Snowmobiling starts booming in the North Country when snow falls deeply, and motels and sporting camps fill up – particularly on weekends – with crowds known for spending money. This sport has become so popular that it helps rural economies in Northern and Eastern Maine.

Hiking picks up in December because folks enjoy walking in snow, particularly shallow snow. This crowd loves deciphering critter tracks in such a perfect medium. Even the most casual observer can see the story, often made the previous night.

Cross-country skiing attracts a handful of participants, small potatoes compared to the motorized crowd, and in fact, certainly less than bicyclists in the 12th month. Bikers try to get in those last few pedals before winter slows down the sport considerably, but it’s not the cold that bothers them as much as all the sand on the road edges after snowstorms.

Wildlife photographers hit the woods hard before snow piles too deeply, and favorite targets include bald eagles, waterfowl along the coast, deer, grouse and songbirds. Any critter is fair game, though.

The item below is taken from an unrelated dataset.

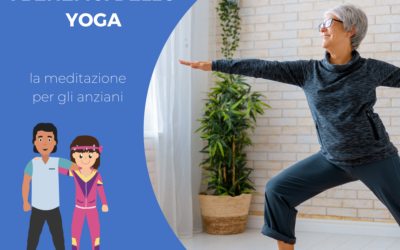 I benefici dello yoga e della meditazione per gli anziani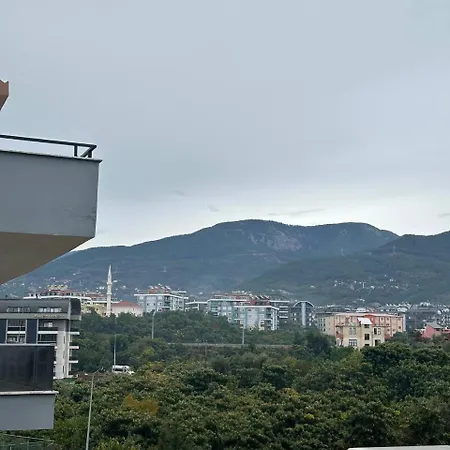 Apartament Oba Voyage Garden Alanya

Certain spots earn a reputation for holding half-tame critters that prove especially cooperative to work with a camera – say whitetails around deer feeders, an especially friendly fox or owl, Harlequin ducks off Cape Elizabeth or you name the place and species. Photographers flock to camera spots where pickings – although never easy – can be easier.

Outdoors types love to read in winter, and a big part of the allure is all the books piling up through the busy fall. Many of us can’t wait to get at them after a leisurely meal by candlelight.

One endeavor starts booming along toward New Year’s – tying flies. Nothing beats an evening at the vise, constructing flies while sipping tea or coffee and dreaming for spring.
All these and more are happening in Maine right now.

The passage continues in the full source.